Applying warps to images and segmentations

So far we have just computed the affine and deformable transformation between the fixed image and the moving image. We now need to apply these transformations to the moving image. We also have a segmentation of the moving image, moving_seg.nii.gz, which we would also like to warp into the fixed image space. We do this using the greedy’s reslice mode (-r commands):

> greedy -d 3 \
  -rf fixed.nii.gz \
  -rm moving.nii.gz resliced.nii.gz \
  -ri LABEL 0.2vox \
  -rm moving_seg.nii.gz resliced_seg.nii.gz \
  -r warp.nii.gz affine.mat

Let’s deconstruct this command:

  • -rf specifies the reference/fixed image space. Images will be re-sliced into this space.
  • -rm specifies an input/output pair. The input is in the moving image space, the output will contain the image resliced (warped) into the fixed image space. Multiple -rm commands can be provided as above.
  • -ri specifies the interpolation mode for subsequent -rm commands. Default interpolation is LINEAR interpolation. When warping multi-label segmentations, greedy provides a special LABEL interpolation mode. This mode applies a little bit of smoothing to each label in your segmentation (including the background), warps this smoothed segmentation, and then performs voting among warped smoothed binary segmentations to assign each voxel in reference space a label. This works better than nearest neighbor interpolation (less aliasing). The 0.2vox part of the command specifies the amount of smoothing.
  • -r is used to specify a sequence of transformations, from last to first.

Applying the Inverse Warp

Optionally, you can warp the fixed image back into the space of the moving. This requires using the (-oinv) option when calling greedy for deformable registration. You can also invert a warp computed previously using the -iw command (see documentation).

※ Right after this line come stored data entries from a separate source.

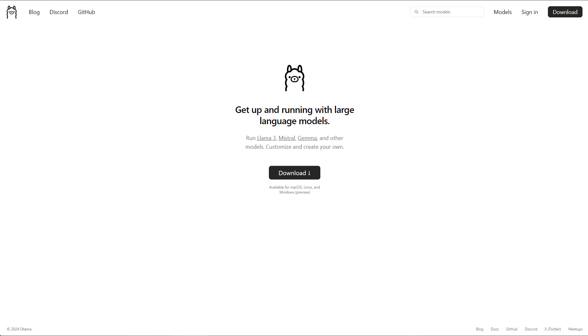To do this, you go to olama.com and there you can download Ollama. It's available for all different kinds of systems, so if you have Mac, Linux or Windows, doesn't matter, it works on all of them.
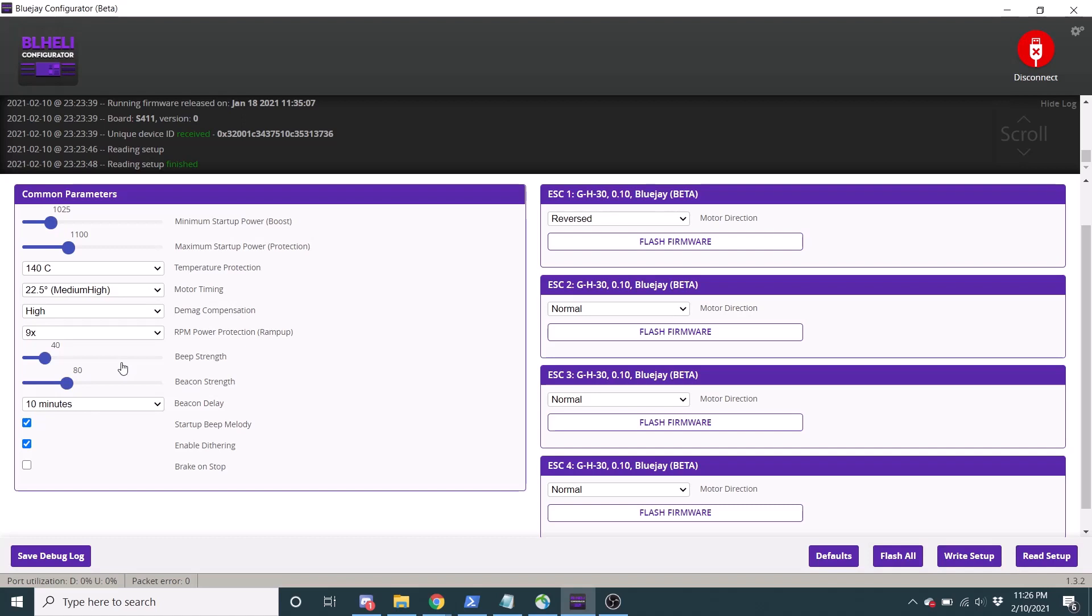Beep strength and beacon strength, that's the same. The startup beep melody, if you don't want it to give you extra beeps, you can just have it give you one beep for when you plug in and then the two beeps for verifying that you're connected. I'd recommend to keep the melody because you plug it in and you walk away from your quad. The melody's already finished and I like the little jingle.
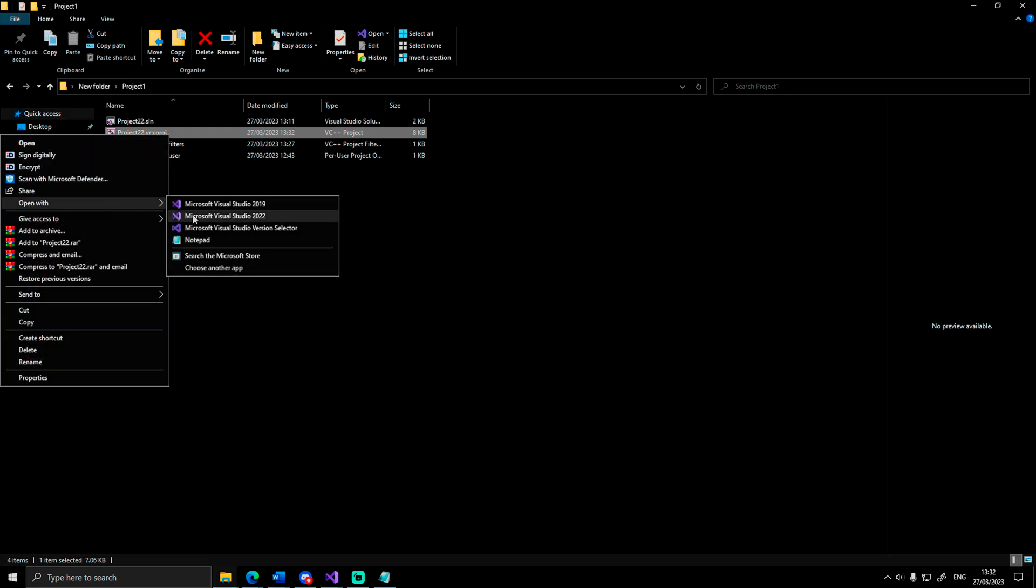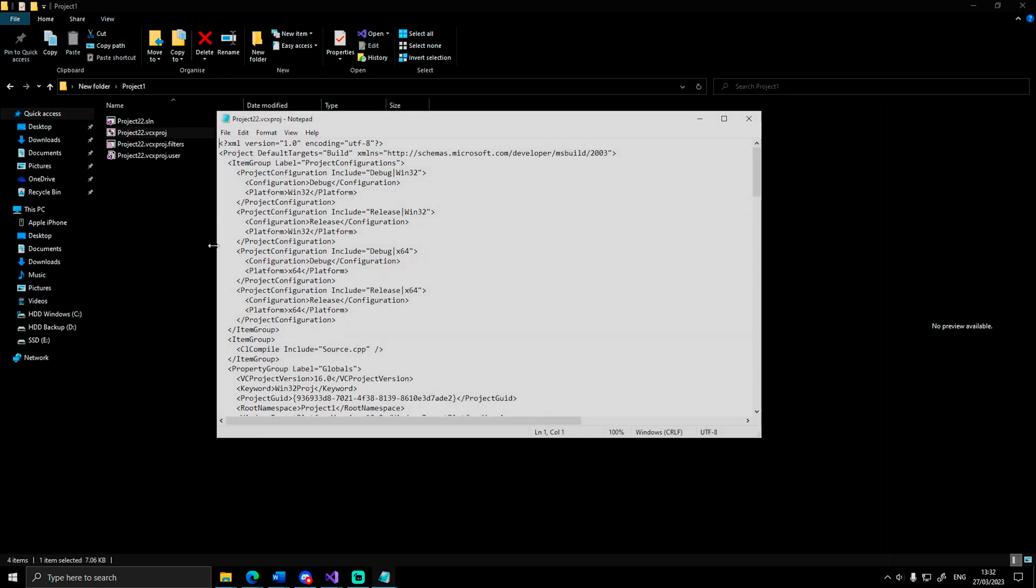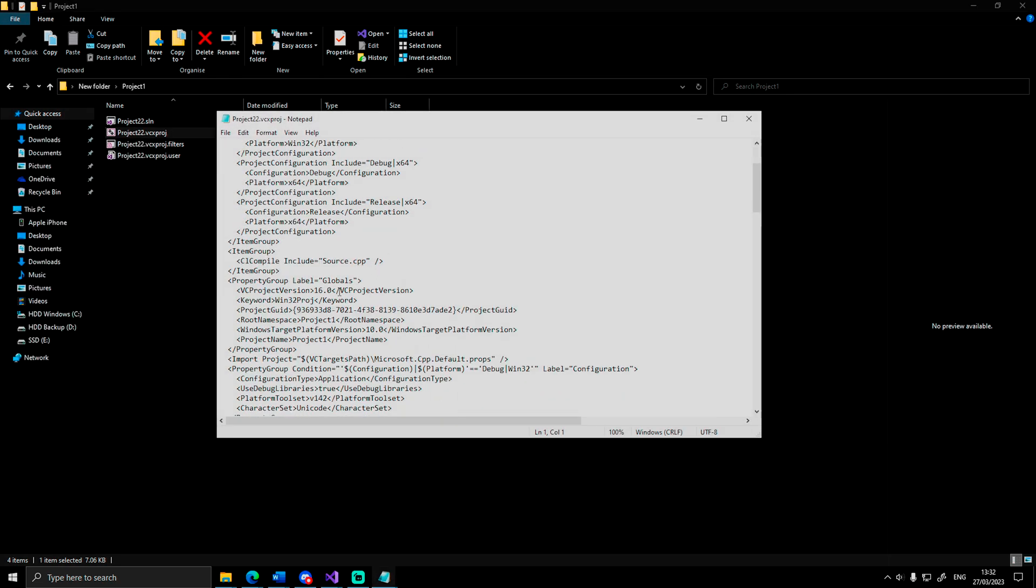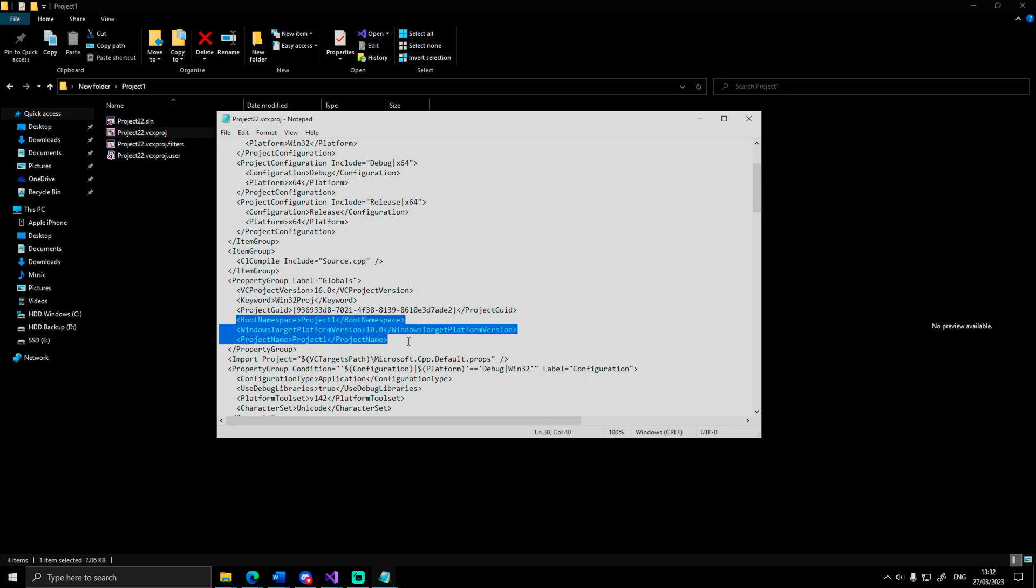Step 5. Open the VCX project file and find root namespace and project name and change those as well.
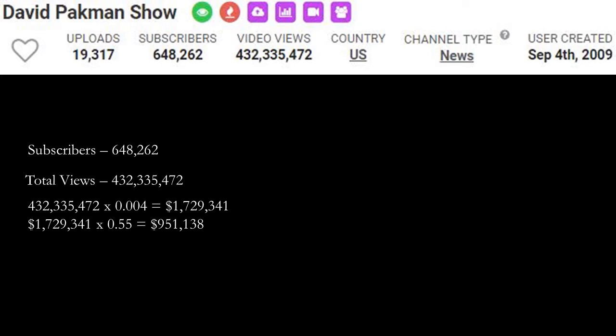Now of course, YouTube gets a cut of the revenue. YouTube gets 45% and this channel gets 55%. So you have to do $1,729,341 multiplied by 0.55 and you get $951,138.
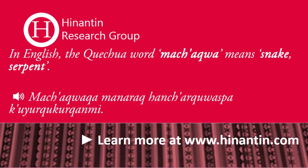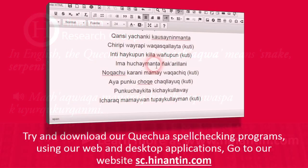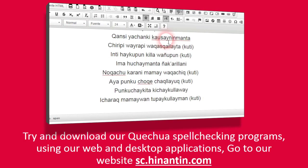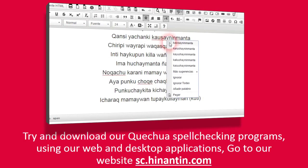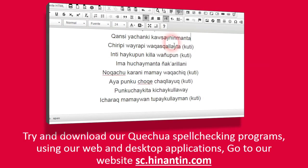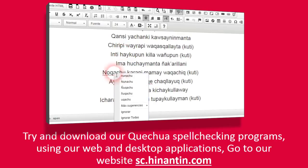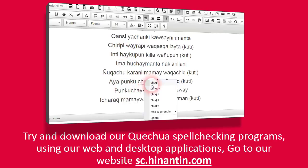For example... Try and download our Quechua spell-checking programs using our web and desktop applications. Go to our website sc.hinantin.com.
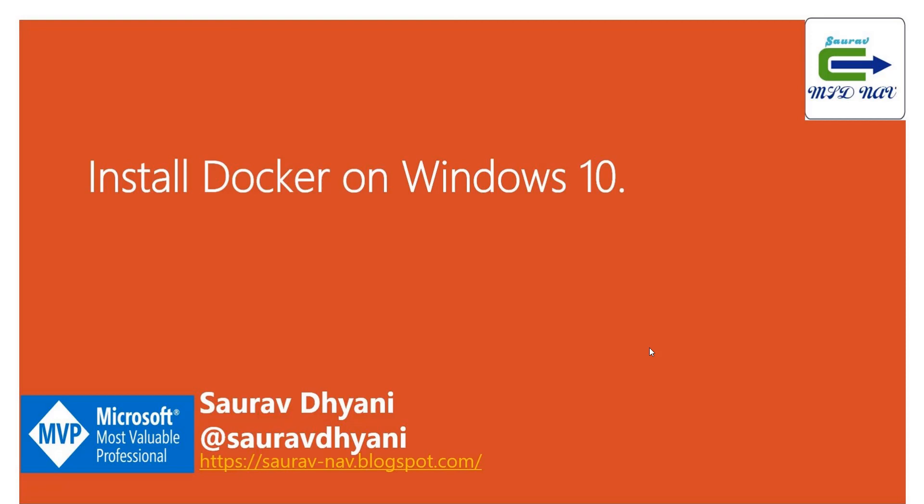Hi all, good morning. My name is Saurabh Dhani. You can contact me on Twitter or read my articles on my blog. Today I'm here to talk about how you install Docker on a Windows 10 machine.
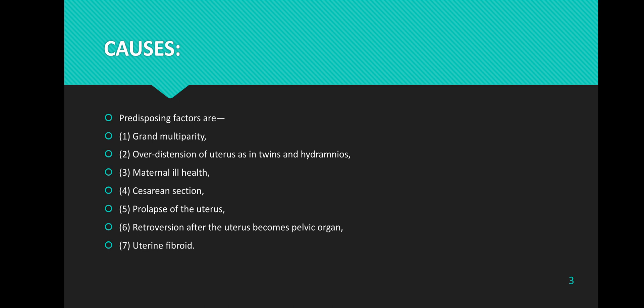The predisposing factors of uterine sub-involution include: one, grand multiparity — having five or more viable pregnancies; two, over-distension of the uterus as seen in twins and in polyhydramnios; three, maternal ill health; four, cesarean section; and five, prolapse of the uterus.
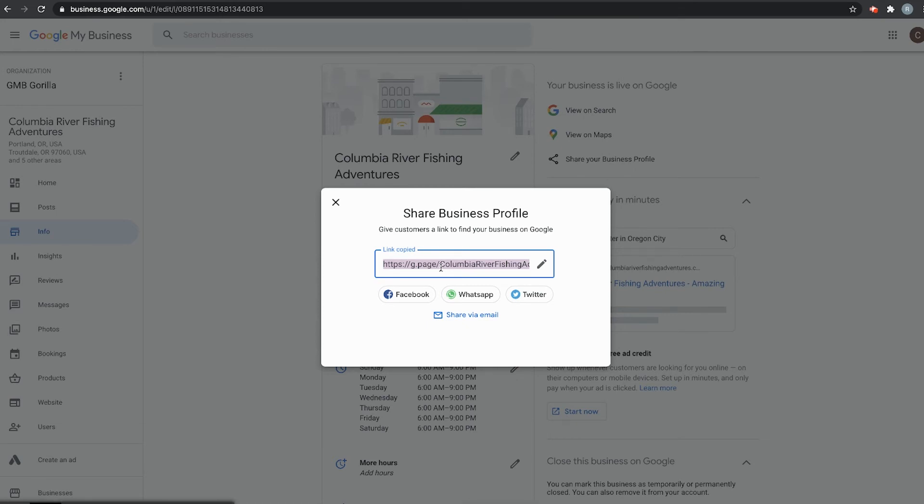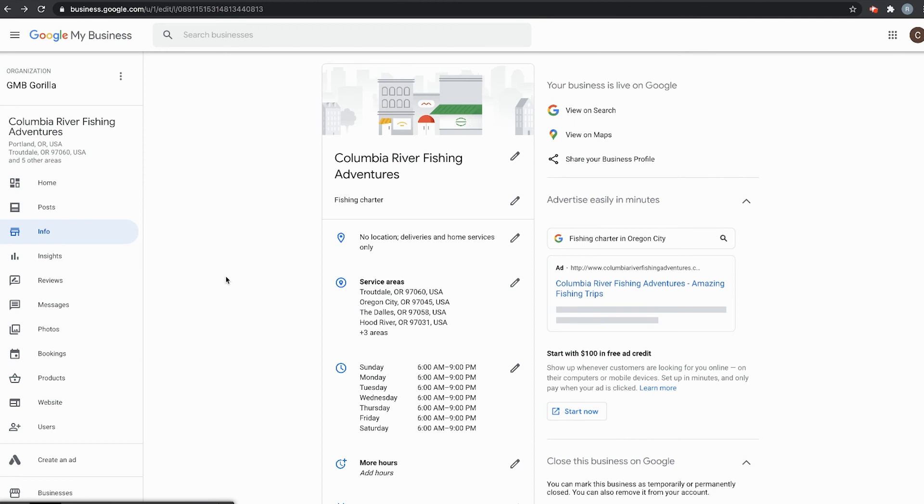It's as simple as that. You can go ahead and save this if you like somewhere so it's easy to find. But that's it for today. Thank you so much and I will see you next time.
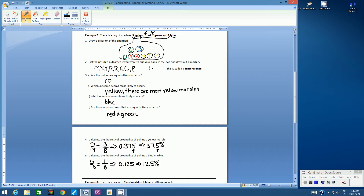Probability of a blue marble equals 1 over 8, because there's only one blue marble in the bag. 1 divided by 8 equals 0.125, which equals 12.5%. Hopefully you got that answer as well.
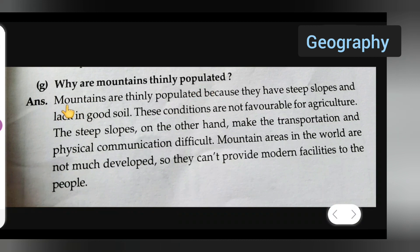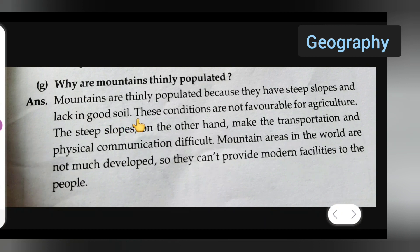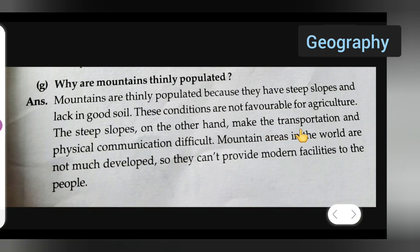Mountains are thinly populated because they have steep slopes and lack good soil. These conditions are not favorable for agriculture. The steep slopes also make transportation and physical communication difficult.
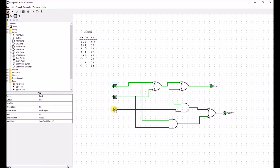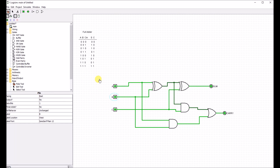Continuing through the remaining inputs, we verify the outputs match the truth table, finishing with 1, 1, 1 — sum of 1, carries 1. And that's how you design a full adder.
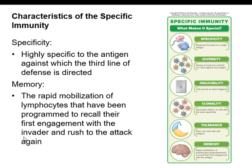Finally, there is tolerance — the immune system knows when to attack and when not to. If it's a self-antigen, it does not attack. It tolerates that. And memory is what gives us immunity to disease.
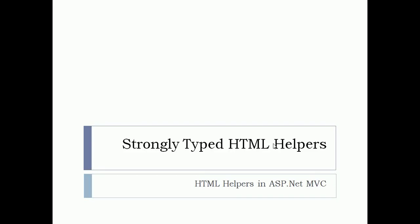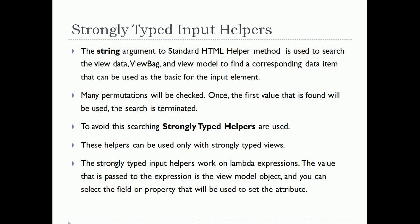Hello friends, welcome back. In this video we are going to study Strongly Typed HTML Helpers, one more category of built-in HTML helpers in MVC. As I told you in my introductory lecture on HTML helpers, strongly typed HTML helpers are associated with strongly typed views, but this is not the only reason for using them.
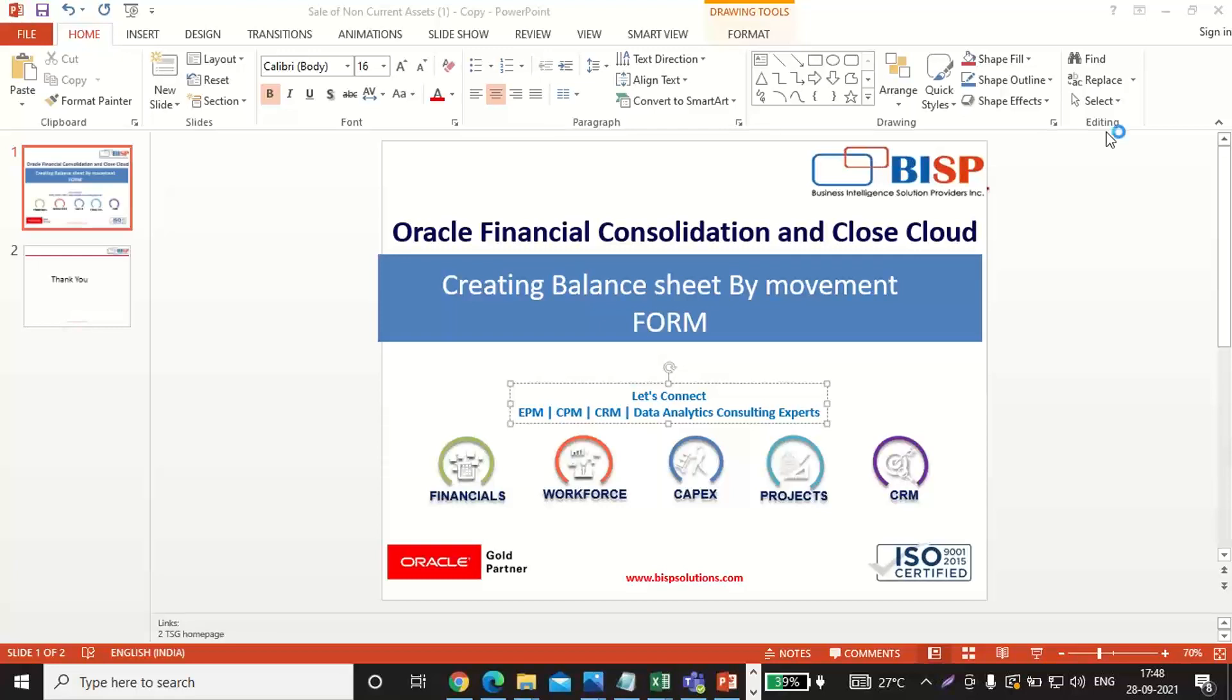Welcome to the BISP solution. Today we will see how to create the parent sheet by movement form.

The following command warps the fixed image to the moving image space:

> greedy -d 3 \
    -rf moving.nii.gz \
    -rm fixed.nii.gz reslice_fix_into_mov.nii.gz \
    -r affine.mat,-1 inverse_warp.nii.gz

The call to greedy is very similar to above, except that:

  • the roles of fixed and moving is switched (obviously)
  • the affine and deformable transformations are provided in reverse order
  • the affine transformation is inverted (the -1 after affine.mat)

That’s pretty much it for learning to use greedy. See detailed documentation for other options and more details. Enjoy!